Making Glass in a Microwave

Published 2024-07-07

All Comments (21)
  • For a non-scientist, and if anything, maybe a bit of artist, that was very scientific! Well done.
  • @trstmeimadctr
    Be careful with an open microwave. Literally nothing kills more electrical hobbyists per year
  • Use heat sinks from old servers. Some of them are thick chunks of copper and metal. Maybe that can help with dissipating the heat.
  • @jamesdean8260
    Glass eats the bricks. It's not the heat. It's the molten glass.
  • @Darksunbird
    so there are these microwave glass kits.. you can buy.. uhm yeah but you can also use a coffe mugg as a cover and a ceramic tile.. if you coat the inside of the mug with graphite. and the area youre putting the glass on (the tile) .. but i think the kits are made from some kind of refractory plaster..

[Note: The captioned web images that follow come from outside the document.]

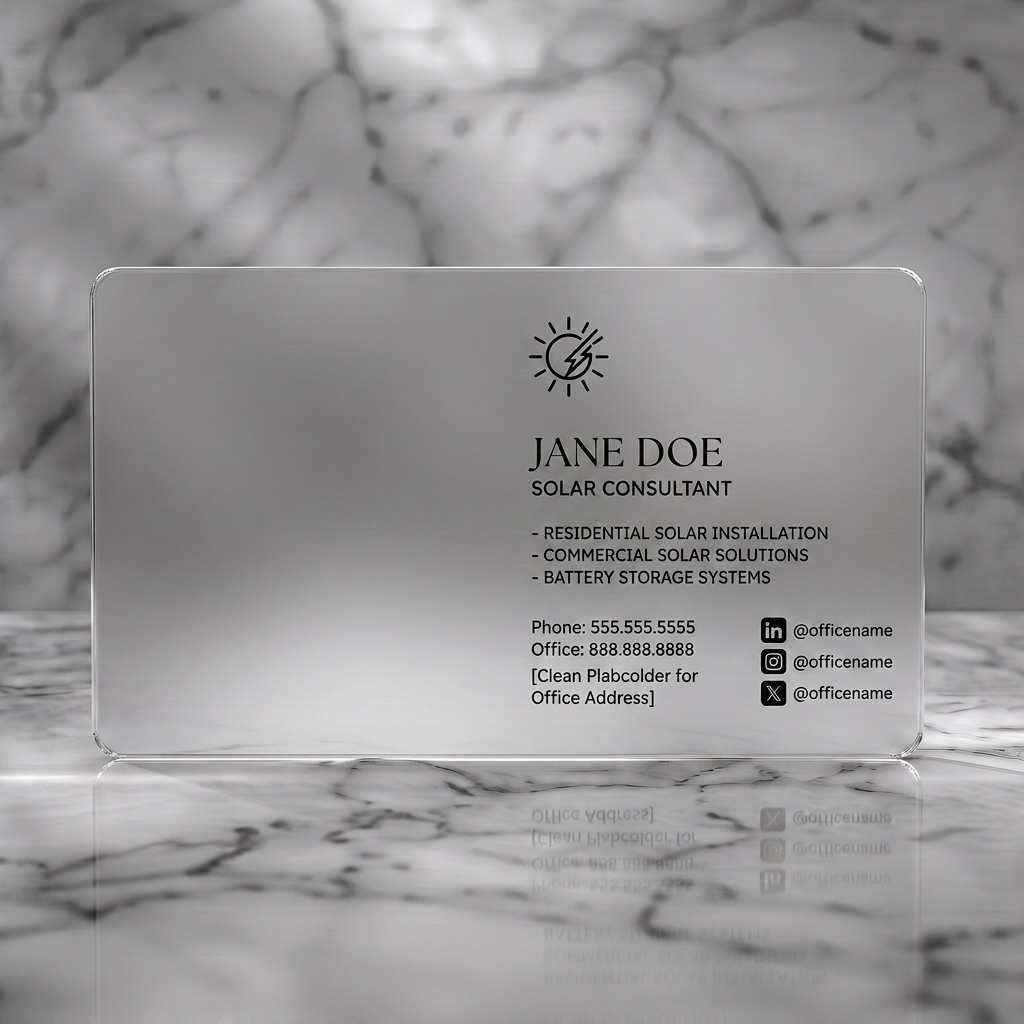 Frosted translucent plastic business card featuring clean, modern design using a grayscale palette, mixed typography, and a distinctive solar icon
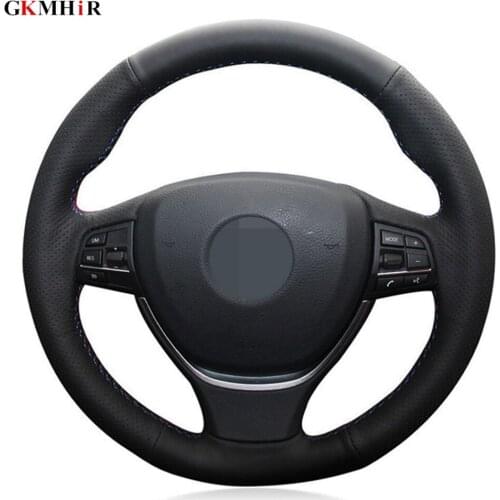 DIY Hand Sewing Black Genuine Leather Car Steering Wheel Cover For BMW 5 Series 520i 528i F10 F11 F07 2009-2017 M5 F10 2011-2013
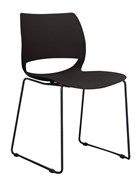 Vogue Visitor Chair Black Sled Base Black  Polypropylene Shell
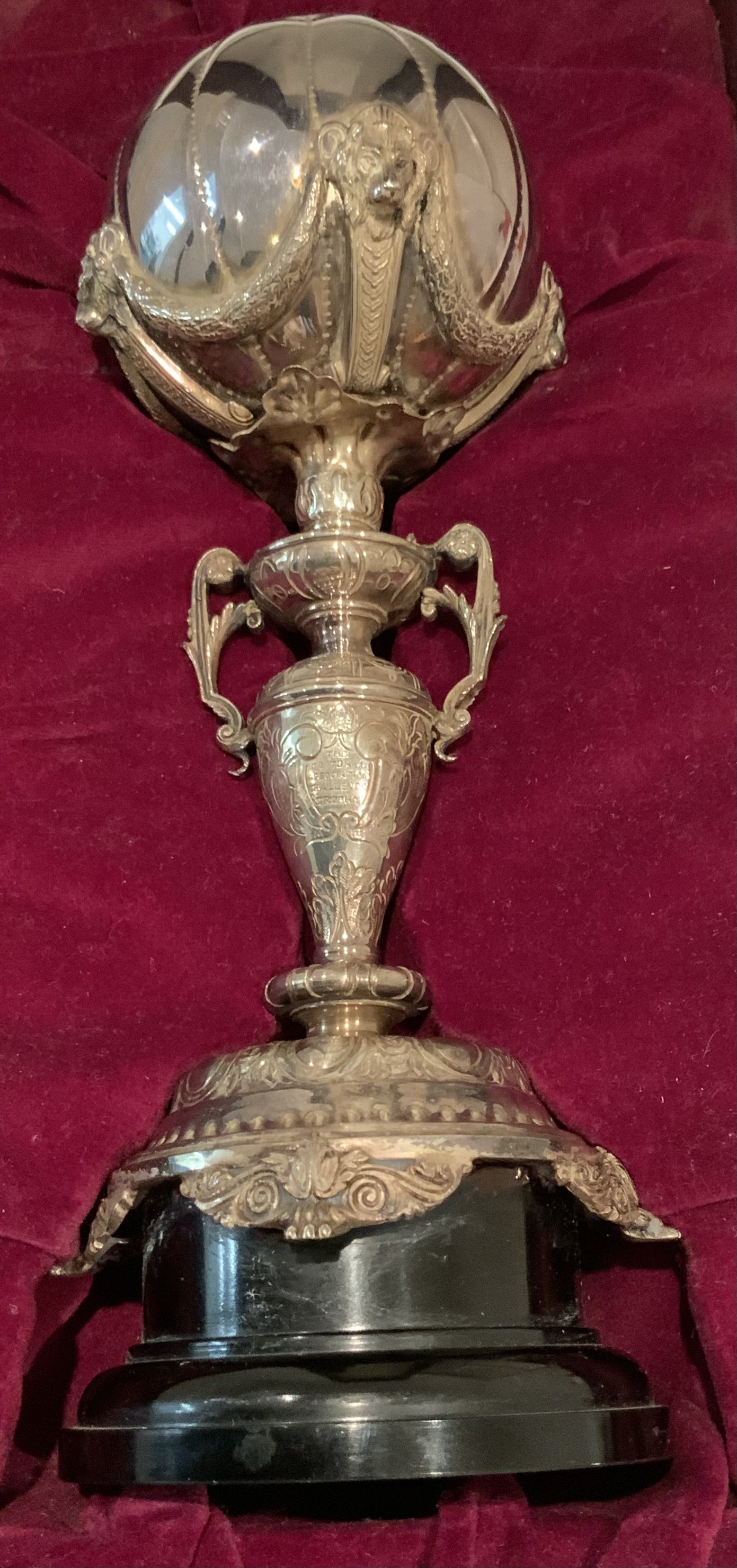 FA Challenge Trophy Presented To Enfield 1987: Stunning exact replica awarded to Enfield for defeating Telford Utd at Wembley on 12 5 1987. Larger trophy was kept for a year. This trophy measures around 9 inches high in original quality box by maker Toye Kenning + Spencer Ltd.
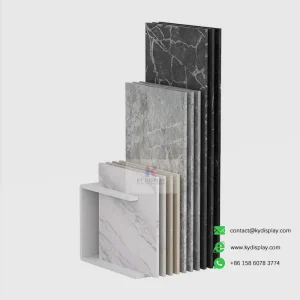 KYDISPLAY slot tile display stand – black C-shape rack with stone samples.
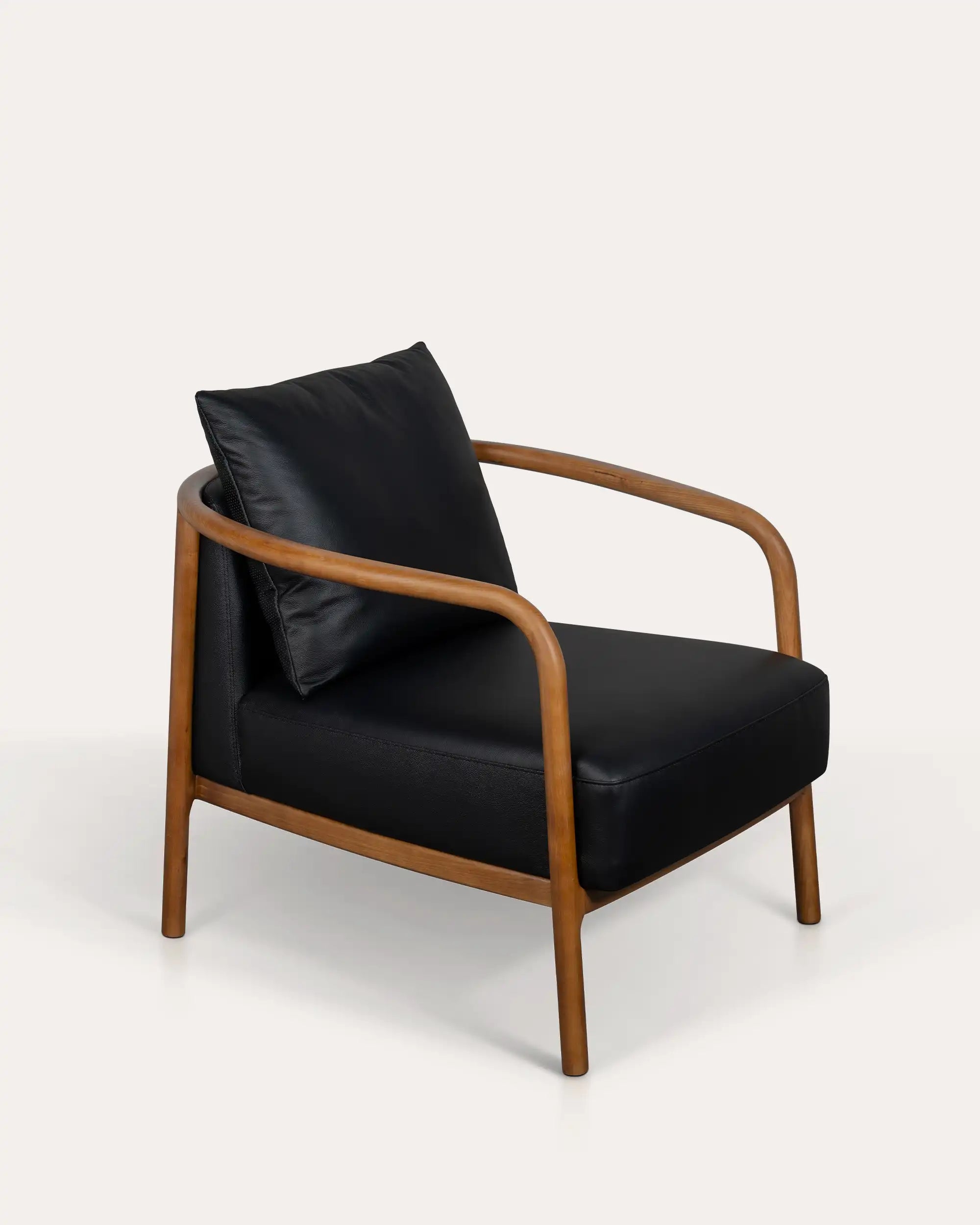 Arlo Walnut Leather Lounge Chair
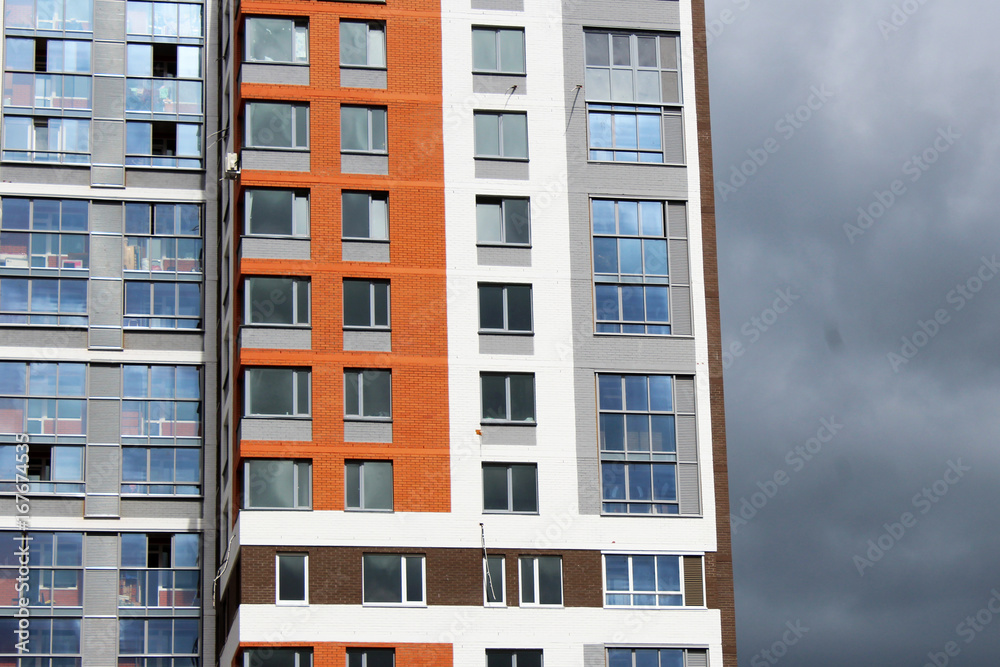 Newly built houses against blue sky Newly built houses against blue sky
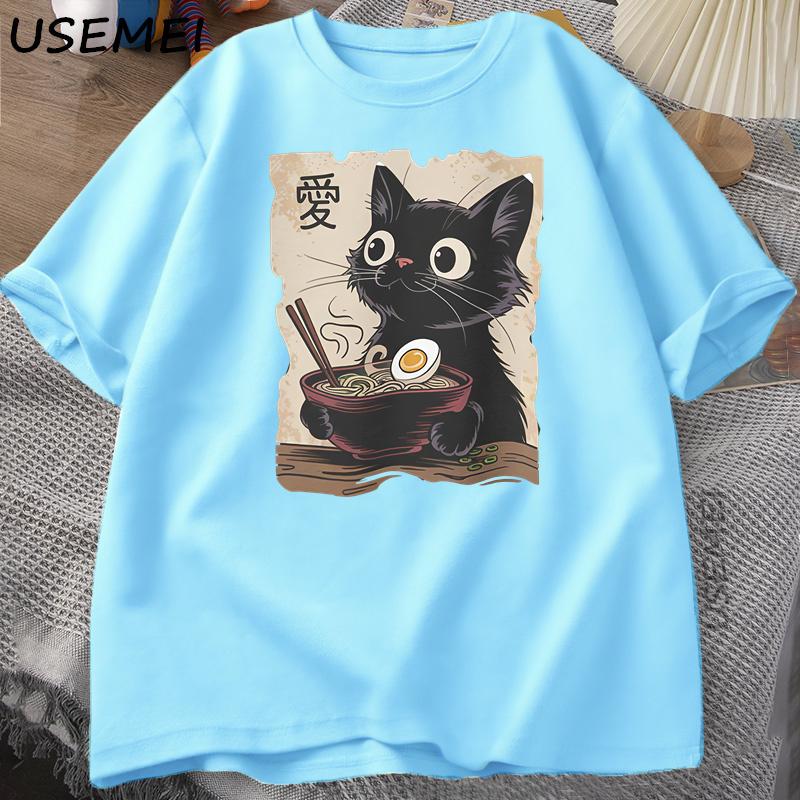 Funny Cat RaUnisex Graphic Tee Japanese Kawaii Anime Cat TShirt Cotton Short Sleeve Oversized Loose Short Sleeve Tee Streetwear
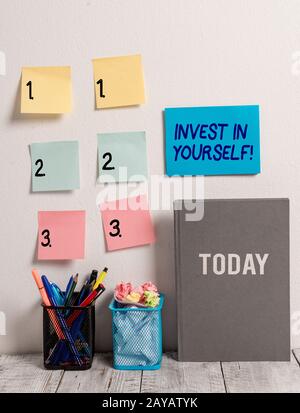 Text sign showing Invest In Yourself. Conceptual photo learn new things or materials thus making your lot better. Stock Photo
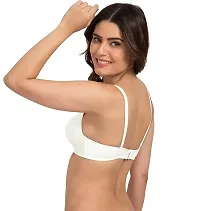 Stylish White Cotton Spandex Solid Bra For Women-thumb3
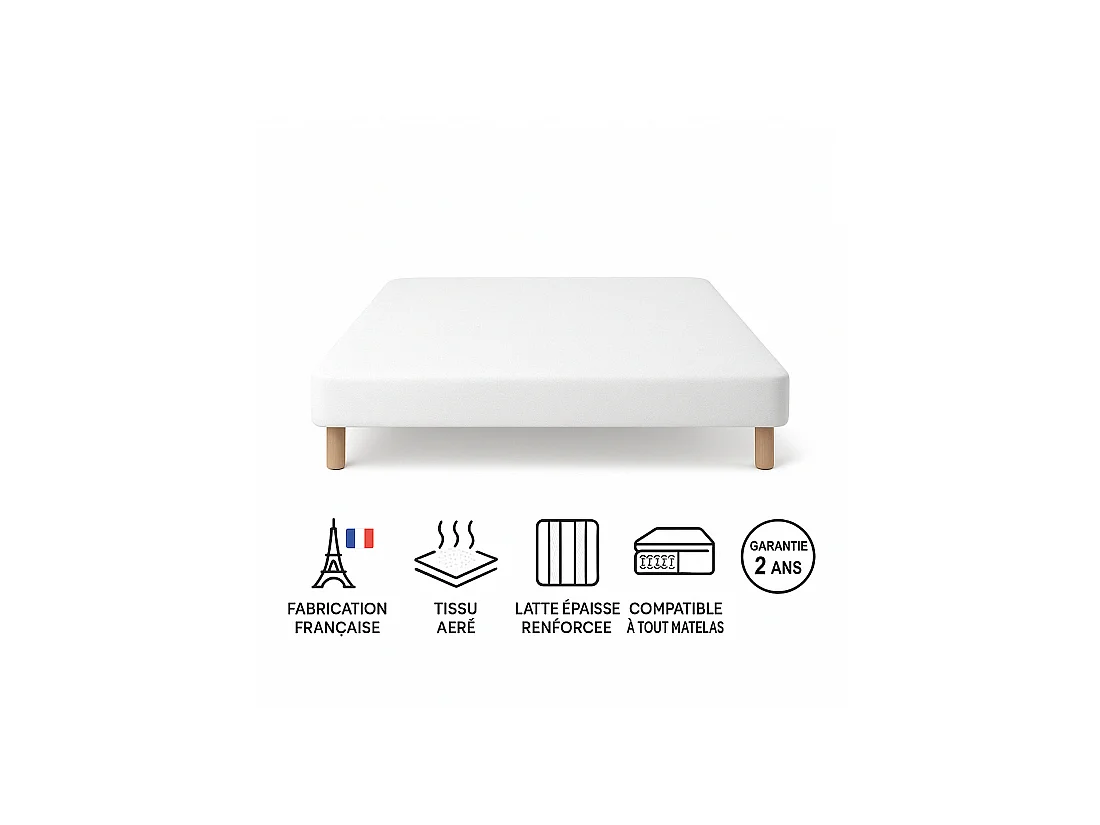SOMMIER TAPISSIER BLANC 140x200 cm | FABRICATION FRANÇAISE ARTISANALE | PIEDS OFFERTS | HAUTEUR avec PIEDS 27 cm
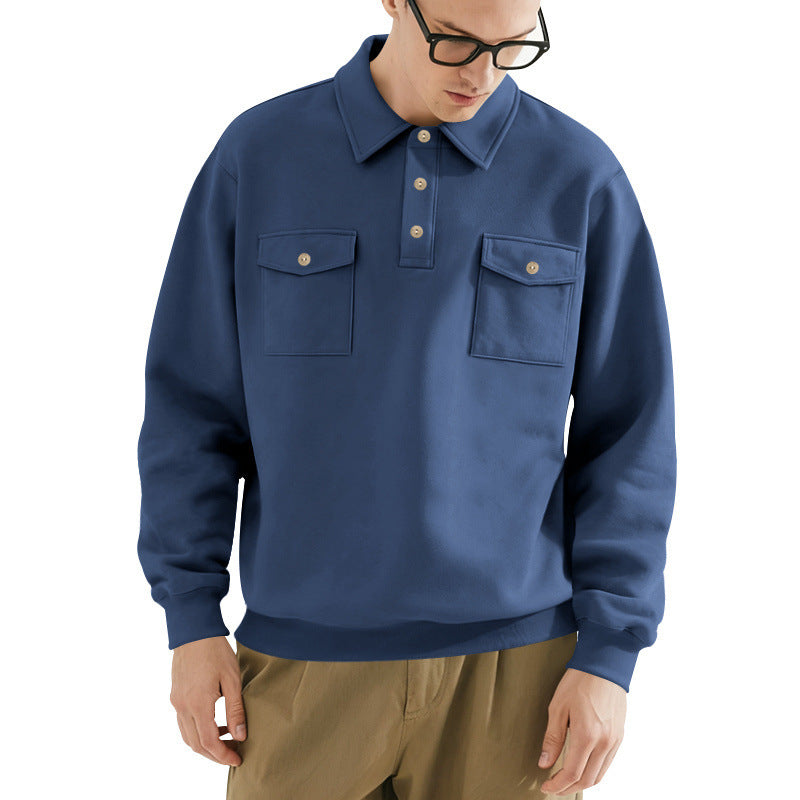 Herren lässiger Pullover mit praktischen Pattentaschen EB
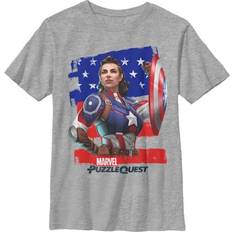 Tops Fifth Sun Sold by: Top Tees Apparel, Boy Marvel Puzzle Quest Peggy Carter Graphic Tee Athletic Heather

  • Colour of materials like quartz, etc. comes from their internal crystalline structure and the way that different crystals filter & refracts different frequencies of light. White chrystals are highly chaotic internally, which while still letting most of the visible spectrum pass through, will highly scatter the light rays to blur everything together. Perfectly clear glass has an extremely ordered internal structure, which gives the visible light almost perfect pathways to travel along to reach the other side of the material. If it were perfect, then it would appear nearly invisible - with only the random patterns of air molecules bouncing into it creating a faint distortion at its surface. Your blue-tinted glass has picked up some impurities from one or more of your ingredients (or the bowl, or the melted heat brick), causing it to reflect more of the blue part of the spectrum & making it look blue.
  • @chemicalvamp
    I mean I may not know enough about this, But I wonder if that glass is boiling over. As far as your cracking, It probably needs to be cooled much slower. They have microwave oven kilns with silicon carbide on amazon that are capable of cooling it slow enough, and kiln paper might also interest you. I have also seen DIY microwave kiln videos here. but I think heating the glass directly like you and Steve did is more efficient than a radiant heating from the silicon carbide.
  • The Geometry, The Thicker The Section In The Middle Of The Bowl, The Harder To Melt!
  • @TrolleyMC
    dude this video was awesome, I mean totally dangerous but the amateurish experiment combined with your commentary was funny. Totally worth god knows what kind of fumes you inhaled. P.S, when you pour your glass onto that metal or graphite, pre heat that material with a torch before you pour, so that the glass will cool slower and not crack due to the temperature shock.
  • @thatcanada
    I would guess your microwave is just not powerful enough - those small ones are around 800 watts - find one 1500 or greater.
  • @gabotron94
    Not surprised the glass turned out blue, even if the ingredients were all white. Ben mentions this in his video I think. In glassmaking tiny amounts of metal salts the color, at those temperatures dyes wouldn't work, so color comes from ionic something-or-other interactions. So the tiniest impurities from stabilizers or other additives in the baking soda or roach killer must be doing that. Also notice the slight green ting regular window glass has? They use iron as the additive for that. Your screw glass is green because of that but at like 1000x concentration
  • Also the glass cooling down will crack and spit glass shards at you. If you want to preserve what you made you have cool the glass slowly under a hot flame but not a blow torch.
  • @danacraig2535
    In order to firmly conclude what effects different parameters are making... maybe only change one of them per run. Changing the formula and adding the screws makes it impossible to establish the effects of each.
  • Your are not moving the mixture around microwave energy comes out in nodes and is effectively stationary. Would not cook very well which is the reason there is a turn table to move the food around under the different nodes. You need to identify the node and place the under it. That's why the block heats in different places.
  • You need to cool glass- ceramic slowly or it crazes....( cracks or it is brittle). Annealing or so,ething like that. Would love to see another go round with higher powered microwave. So you can heat slowly and maybe an oven to cool it in.
  • @ElMoonLite
    Why not just use one crucible as a lid on top of the other one? Also microwaves tend to have hotspots; basically interference patterns with bulges and dips. The location you put your sample might completely alter the results. Maybe it helps if you find out where the hotspots are and put your sample there. Not sure if these hot spots are always in the same place though. A rotating platform microwave could help get more consistent results moving through hot and "cold" spots, but maybe not staying in hot spots long enough would mean not getting enough heat to melt, or have side effects from heating and cooling over and over. Anyway, food for thought, research, or experimentation 😊
  • @justinstolz4481
    Dude, this is an interesting video but you need to invest in some more safety equipment. I was just waiting for something to explode and maim you. Which is not the kind of views you want for your new Youtube channel. Also, Sodium Carbonate is also known as "Soda Ash" and is relatively cheap. Walmart sells a 5lb bag for 15 bucks.